We get lost in it. We crave it. We slow down on the freeway to catch a glimpse of it. We demand it in our concerts — it's not enough to play good music and sing great lyrics, there must be an experience that is visceral. We want spectacle!

We shouldn't be surprised that our eyes and hearts are so frequently drawn to the spectacle in Jesus' miracles. We settle in on the inexplicable healing, the incredible circumstances of an exorcism, or the impossible condition that is cured in a heartbeat. Unfortunately, however, we often miss the grace beyond the miracle.

In many of Jesus' miracles of healing and exorcism, there is a gentle subsiding of the climactic healing into routine action by the person who is healed. Jesus raises a dead girl to life and tells her astounded and joyful parents to get her something to eat (Mark 5:40-43). Peter's mother-in-law is healed of fever, and she gets up and serves Jesus and His disciples (Matthew 8:14-15). A leper is cleansed and Jesus sends the man back to the priest to show himself and offer the sacrifice in proof of his healing so he can be accepted back into community life (Mark 1:40-44). Jesus raises the only son of a widowed woman and Jesus gives the son back to the woman (Luke 7:11-15). The woman with the flow of blood is healed when she touches the hem of Jesus' robe: the Lord then calls her out of the crowd, and as she fearfully comes forward, Jesus affirms her faith and blesses her to go live her life in peace — true Shalom, the peace of wholesome and full, godly living (Mark 5:24-34). Jesus casts out a legion of demons from a man, and then sits with him a bit before He then sends the man on a mission to share the good news of God with his family (Mark 5:11-15).

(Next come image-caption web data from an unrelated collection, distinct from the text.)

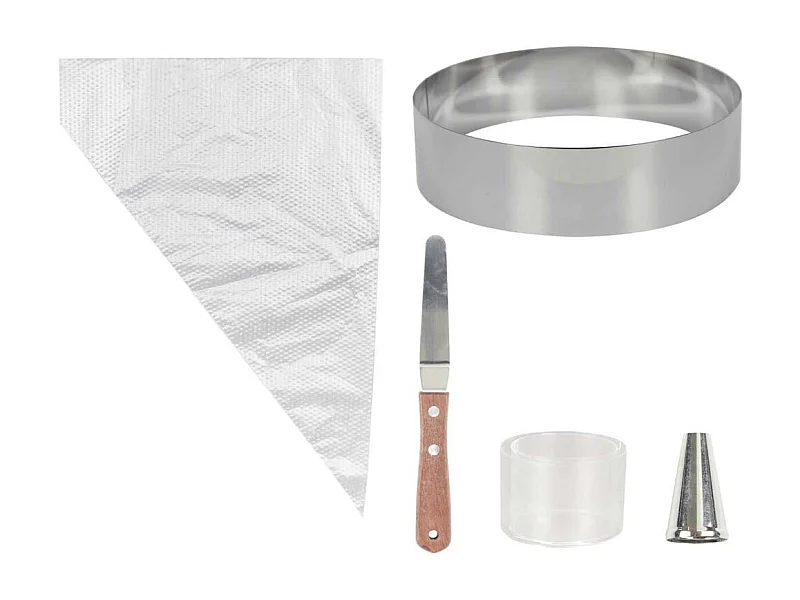 Coffret Roule Fraise Multicolore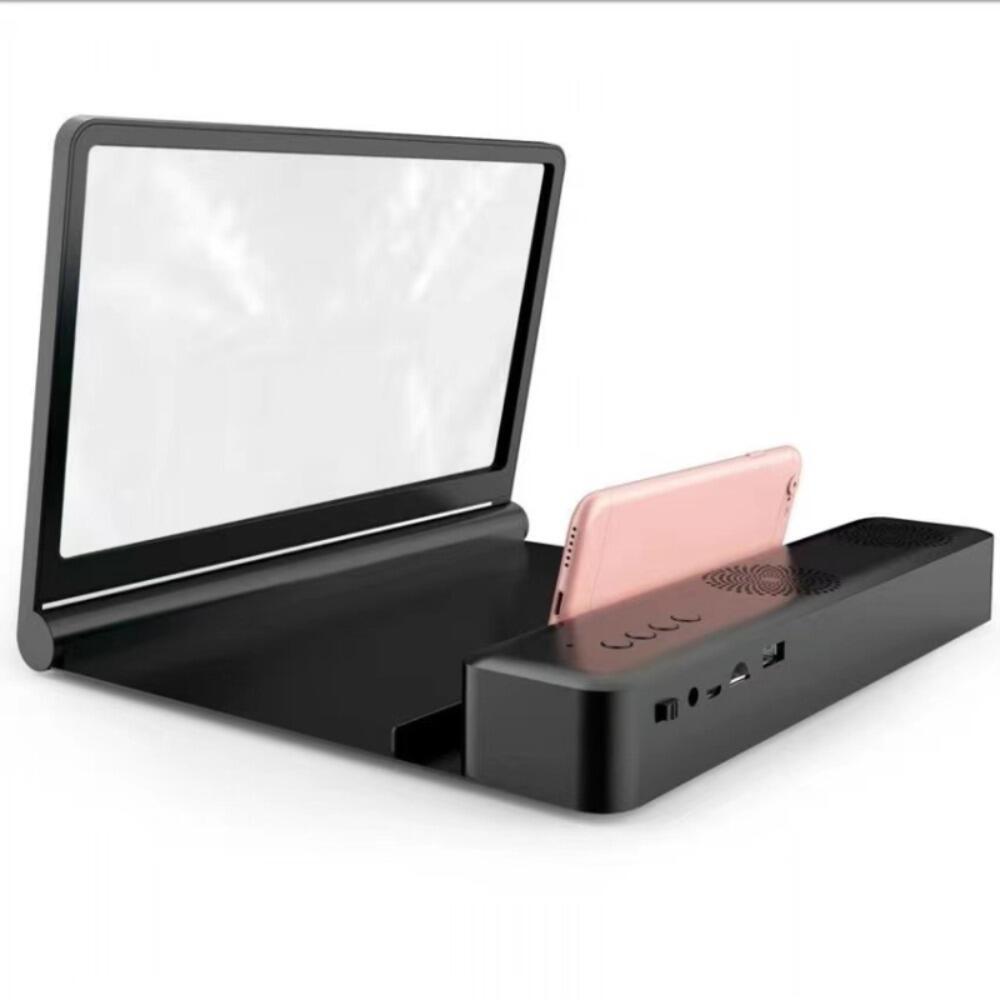 Amplificador pantalla bluetooth 5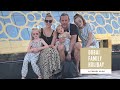 DUBAI FAMILY HOLIDAY | TRAVEL VLOG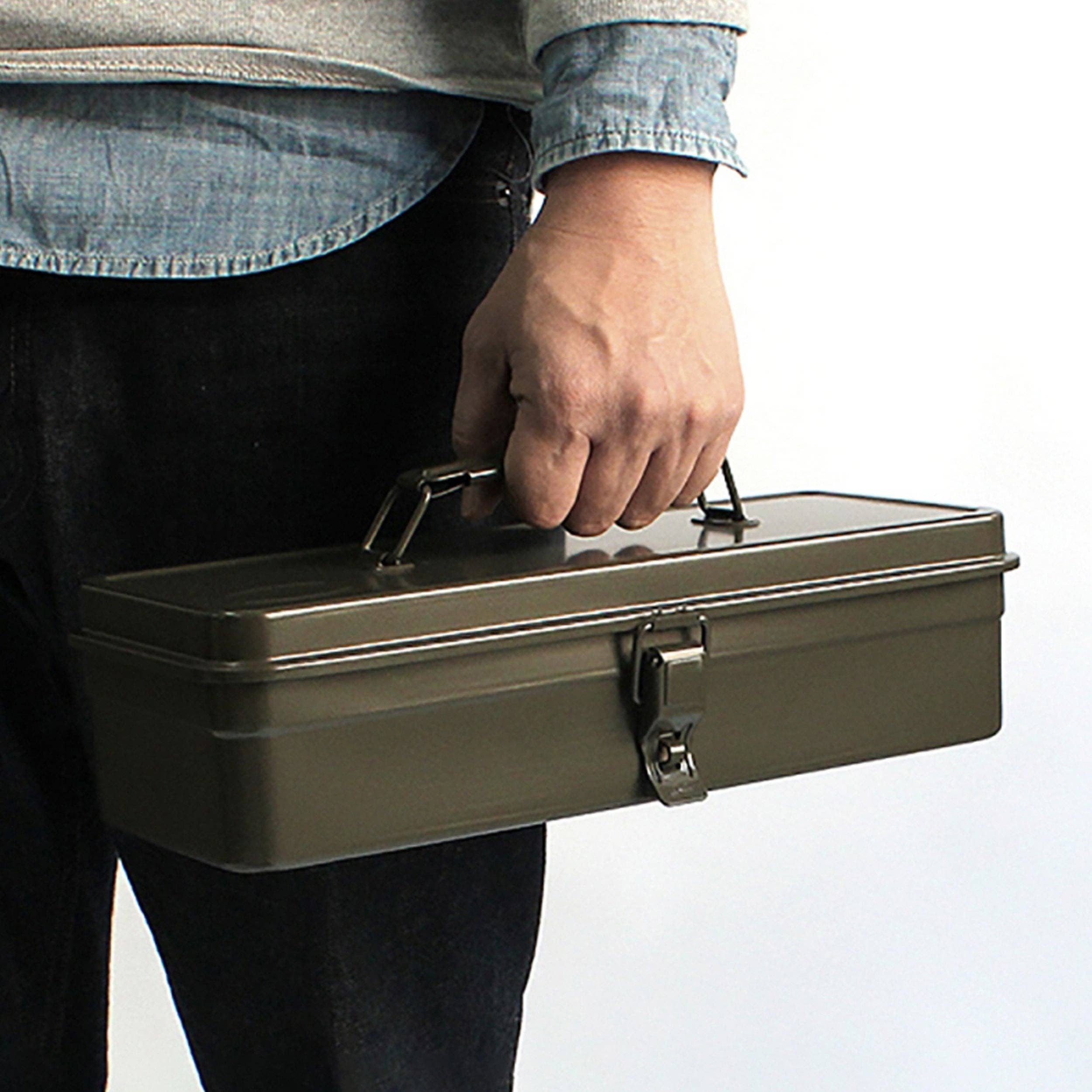 Toyo - Steel Toolbox T-320, photo 1 of 8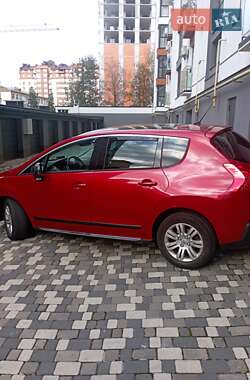 Внедорожник / Кроссовер Peugeot 3008 2011 в Ивано-Франковске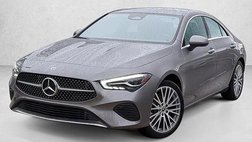 2026 Mercedes-Benz CLA-Class CLA 250
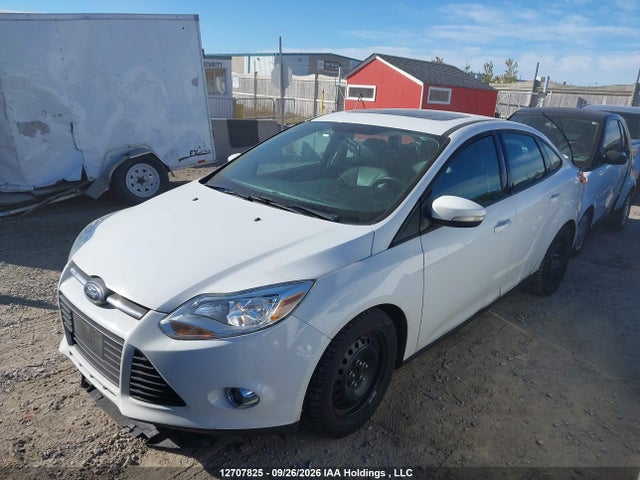 2014 Ford Focus მანქანა იყიდება აუქციონზე, vin: 1FADP3F25EL239756, აუქციონის ნომერი: 12707825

We tend to dismiss these last words of Jesus' miraculous encounters with people because we are amazed at the problems overcome. We miss the meaning of the precious moments that follow them because we are fascinated with the incredible nature of Jesus' miraculous power. However, there is even a greater miracle — or grace beyond the miracle — in these special moments after Jesus has done the spectacular. Jesus restores real life back to these people. They are not some freak show on the midway that Jesus healed to garner the attention of the crowds and increase the popularity of Jesus. Instead, Jesus is restoring everyday life back to people who were lost to life because of their problems.

Sick people, dead people, possessed people, hopeless people, sinful people, confused people ... are returned to normal life. They are given back to their families. They eat. They serve. They are returned to community. They are given the power and blessing to return back to life with those that know them. They are given jobs to do and people to bless and stories to tell and friends to embrace. In other words, they are saved in every way a person can be saved! In many ways, this is the greater miracle - the grace beyond the miracle.

As someone who has been in ministry for decades, I cannot begin to tell you how many times I've heard broken, wounded, and grieving people say, "I just wish things could go back to being the way they were. I would just like things to be normal again." Our loss of connections, normalcy, family, participation in the events of everyday life often hurts worse than the maladies that cause this separation.

If we miss these gentle movements of grace at the end of Jesus' miracles, we also miss something precious that we can provide — blessings we can share with broken people even when their spectacular miracle doesn't come to them. We can be community, family, and friends. We can walk beside folks as they serve, minister, and tell about the work of God in their lives during tough times. We can help them live their lives with as much normalcy as possible. We can affirm their faith. We can pray that the peace of God's presence and the gift of His promises are fully realized in them.

Rather than being discouraged because the spectacle of a miracle hasn't always come, let's make sure that Jesus' grace beyond the miracle is experienced!

The following questions are for your own introspection and meditation with God, but can also be used for small groups and house churches. Comments are also welcome on

What is your favorite miracle of healing or exorcism performed by Jesus?

Could these have been experienced without sharing them with others?

  • Why?
  • How does the miracle end?
  • What is accomplished by the ending of this miracle that is as important as the miracle itself?

How does our sense of individualism impact our seeing the importance of restoring a person back into community found in so many of the miracles of Jesus?

  • How would many of Jesus' miracles have been incomplete without this "grace beyond the miracle" occurring?

How have you felt the miracle of:

  • ... forgiveness?
  • ... fellowship?
  • ... acceptance?
  • ... service?
  • ... mission?

Could these have been fully experienced without sharing them with someone else or in community?